Three Gorges Dam revises water regulations to help Chinese carp propagation | WWF China

Three Gorges Dam revises water regulations to help Chinese carp propagation

Posted on 22 June 2011
A carp jumps out of its bucket during a WWF ecofish harvesting project in Dongting Lake, central Yangtze.
© Yang Xiaowen
Beijing, China: In a significant step to minimize its ecological impacts on the central and lower Yangtze, the Three Gorges Dam (TGD) has revised its water regulations for the first time in order to meet the flow requirements of the Chinese carp and to serve their breeding requirements.

Over a week in June, the TGD added an additional 2000m3/s, about the amount of a common swimming pool, to its daily discharge to the downstream in an attempt to mimic rising waters, which is needed in order for Chinese carps to spawn.

The carps also require other particular hydrological conditions, such as sustained water temperatures above 18°C, a certain water level rising process and a certain flow velocity.
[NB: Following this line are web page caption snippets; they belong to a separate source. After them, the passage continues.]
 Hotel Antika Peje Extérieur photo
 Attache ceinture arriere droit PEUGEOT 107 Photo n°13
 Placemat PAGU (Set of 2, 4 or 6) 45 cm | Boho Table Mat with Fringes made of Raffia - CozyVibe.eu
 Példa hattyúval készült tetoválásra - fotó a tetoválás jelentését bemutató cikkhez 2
But ever since the TGD was built the flow requirements needed for the Chinese carps has been impeded, affecting the reproduction possibilities of the carps.

“The Chinese carps usually spawn in the Yangtze from the end of April to the beginning of July,” says Mr. Zhao Yimin, Division Chief of the Yangtze Fishery Resources Commission (YFC). “But the TGD reservoir operates at a low water level from April to May every year, which has changed the hydrological and hydraulic conditions in the spawning sites, bringing negative impacts to the reproduction of the carps.”
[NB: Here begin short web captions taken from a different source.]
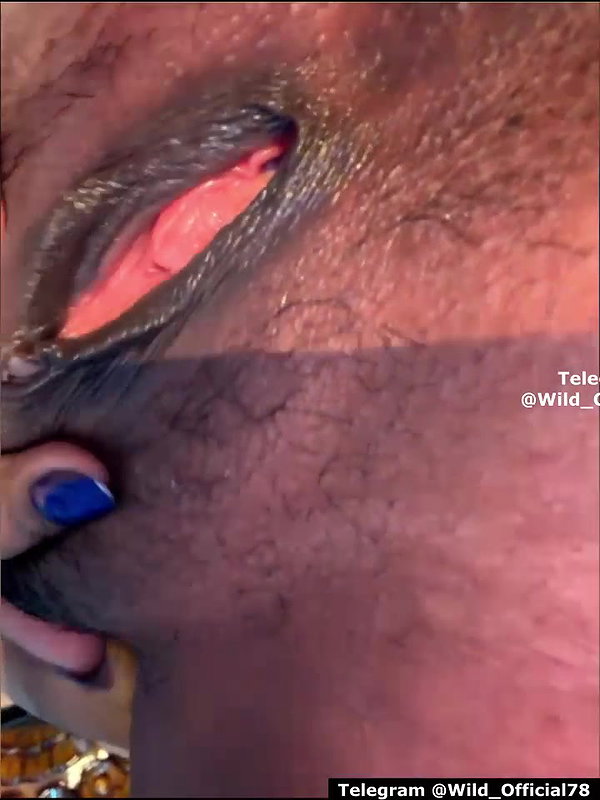 V-Hot-Swetie Ticket show hardcore ass hole fucking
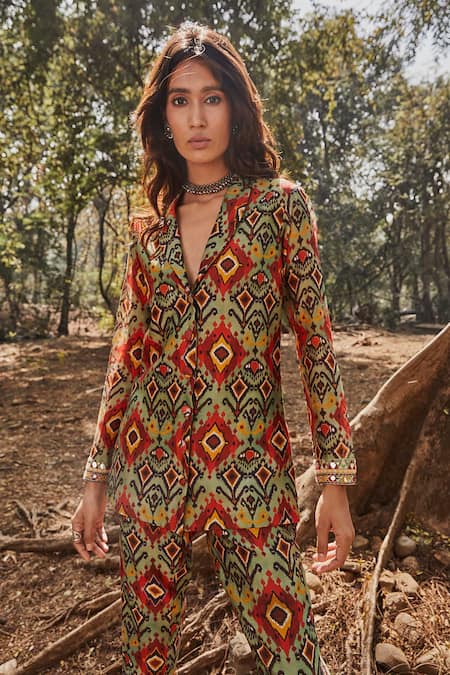 Drishti & Zahabia_Green Chanderi Silk Flap Lapel Ikat Print Jacket And Pant Set _Online_at_Aza_Fashions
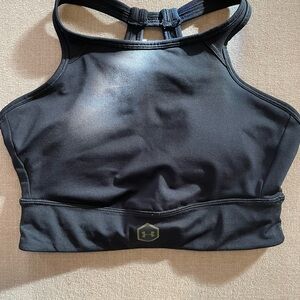 NWOT Under Armour Black High-Neck Racerback Sports Bra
About 60% of China’s freshwater fish production comes from the Yangtze, with four species of the Chinese carps (black, grass, bighead and silver carp – China's "Four Domesticated Fish") coming from the area. But overfishing, water pollution, disconnection between lakes and rivers, wetland reclamation, waterway modification and channelization, and unsustainable operation of water infrastructures have rapidly decreased the fishery resources in the Yangtze river basin over the past 30 years.
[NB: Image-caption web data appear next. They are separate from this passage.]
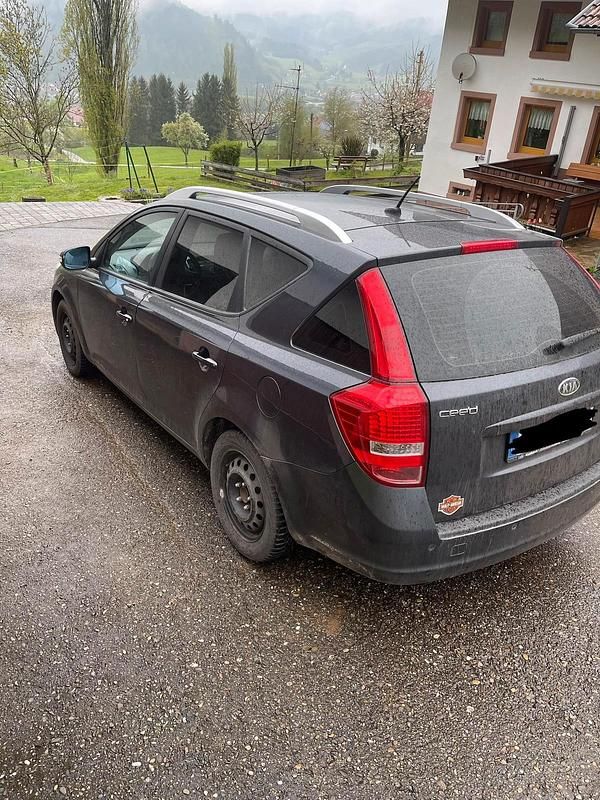 Second-hand Kia Ceed 105 CP (77 kW) 2012 Gri Hatchback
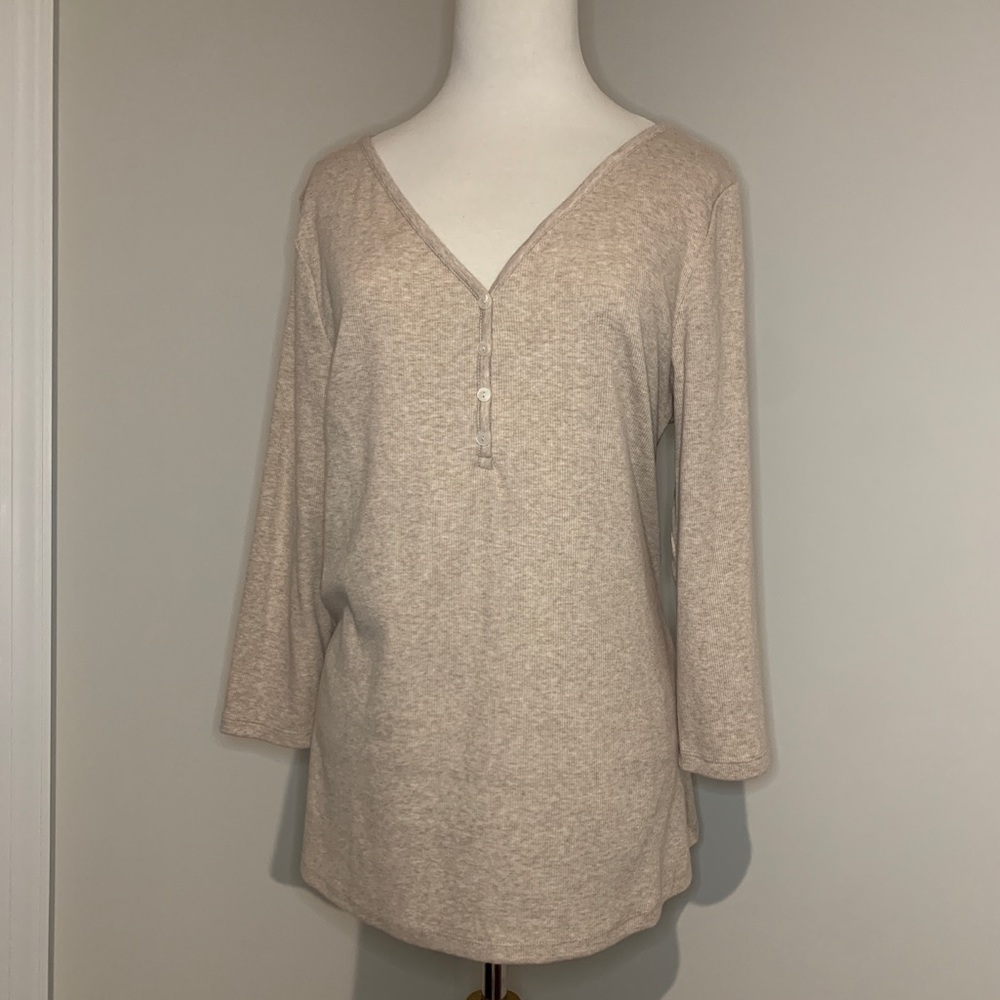 NWOT Old Navy Ribbed Half button Top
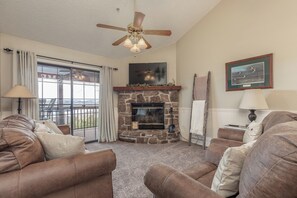 Smart TV, fireplace, DVD player, video library - 2BR Village At Indian Point 712 near SDC-Free Tickets Daily up to $500 Value (Branson)
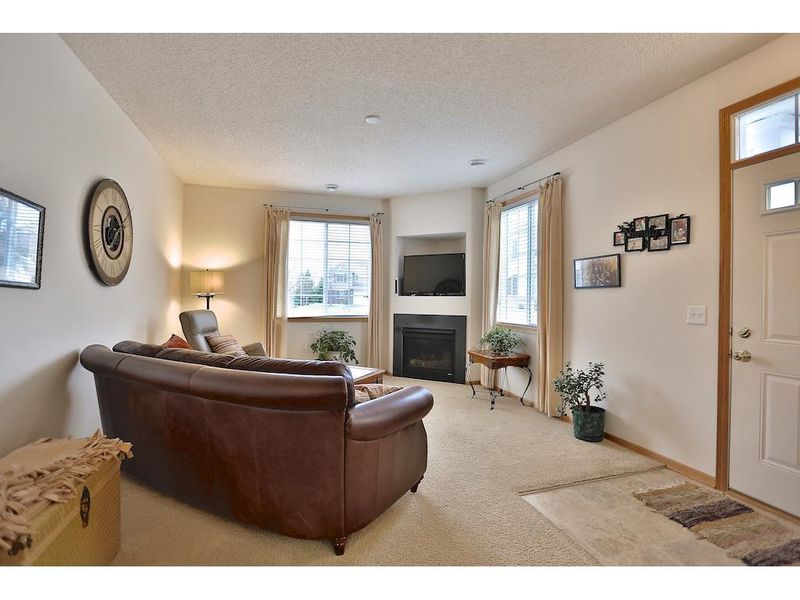 15656 Emerald Dr N #2, Hugo, MN 55038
Since the1960s, the spawning scale of Chinese carps has decreased by 90%. According to research by the Yangtze River Fisheries Research Institute under the Chinese Academy of Fishery Sciences (CAFS), there has been an obvious decline of Chinese carps in the central Yangtze. In monitoring data collected in Jianli County of the central Yangtze, the annual average amount of baby fish fry has declined from 2.524 billion between 1997-2003 (before the water impoundment of the TGD), to 42 million in 2009. As a main delicacy in Chinese cuisine, as well as a robust carp population being as important indicator of the health of the eco-system, these statistics are a cry to help protect and replenish the Yangtze’s most economically important fishes.

To help prevent any further decline of fishery resources, WWF along with the YFC, the Changjiang Water Resources Commission (CWRC), China Three Gorges Project Corporation (CTGPC), and The Nature Conservancy (TNC), are working together to implement a number of ecological operational guidelines, such as reconnecting river and lakes; measures to aid carp breeding (such as releasing baby fish fry, adult fish and live-bearing fish to rivers; and making sure that water is sufficiently provided and properly deployed in the Yangtze through E-Flows studies); as well as improving the TGD’s water regulation by developing ecological guidelines.

“We are very pleased to see the TGD begin its test of ecological operations,” says Dr. Zhu Chunquan, Conservation Director of Biodiversity and Operations of WWF-China. “It’s an important measure to minimize the TGD’s ecological impacts to the central and lower Yangtze.”

To help increase the overall ecosystem of the central and lower Yangtze, WWF is also calling for further work such as research on the impacts on the wetlands and migratory water birds in Dongting and Poyang lakes and mitigation measures through TGD’s operation; and conducting studies on E-Flows requirements for wetlands and aquatic flagship species and integrating these requirements into the TGD ecological operation guidelines.

“The test by the TGD is just the beginning,” says Dr. Zhu Chunquan. “WWF hopes monitoring data can be collected as the basis for further optimization and improvement of TGD operation guidelines.”

A carp jumps out of its bucket during a WWF ecofish harvesting project in Dongting Lake, central Yangtze.